At the simple level you have NSAIDs like Ibuprofen, but then you have the more potent drugs used to treat psoriasis, arthritis, IBD etc.

If you saw Dr Arthur Krigsman, the autism gastroenterologist, I guess he would prescribe Humira.  This is an injection you take every few weeks.  That very well might help your son in many ways. He does also come to Europe for consultations. You would need a colonoscopy.

Some British parents take their autistic kids with GI problems to Italy for treatment. You could ask the Thinking Autism charity who they go to see. One of these doctors presented at their conference in London in 2019.  He used some of Krigsman’s slides in his presentation.

 

NRG1, NRG2

Neuregulin 1 and 2 are implicated in brain disorders. NRG1 is well known as a schizophrenia gene, but it has been shown to be miss-expressed in autism as well.

NRG2 also plays a role in many neurological conditions.  

Neuregulins in Neurodegenerative Diseases 

The downstream effect of NRG1 is on epidermal growth factor (EGF). There are expensive cancer drugs like Lapatinib that are inhibitors of EGFR. 

As I have written in my blog, disturbed growth factors is a recurring feature of autism. This is why son many autism genes are also cancer genes. Don’t worry, this does not mean everyone with autism is going to get cancer.

 

Conclusion

Try and find a doctor who is interested to treat your son.

I think you will make great strides by treating the GI problems that you see every day.

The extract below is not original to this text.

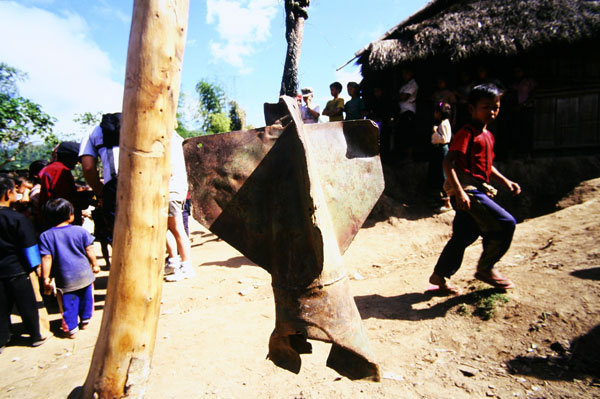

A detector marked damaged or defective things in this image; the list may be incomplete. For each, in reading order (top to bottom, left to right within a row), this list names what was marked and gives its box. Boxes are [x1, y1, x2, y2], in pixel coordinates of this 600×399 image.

corroded metal surface [183, 96, 384, 382]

I did meet an UK autism mother at that conference in London in 2019 who was told by her doctor that her son’s GI problems would not be treated in the UK and she should look abroad. She went to Italy and solved his problems.  It sounds so bizarre, I would not have believed it to be possible, had I not been talking directly to the mother.  I did talk to the Italian gastroenterologist at that same event.  Contact Thinking Autism and ask who was the Italian who presented in 2019.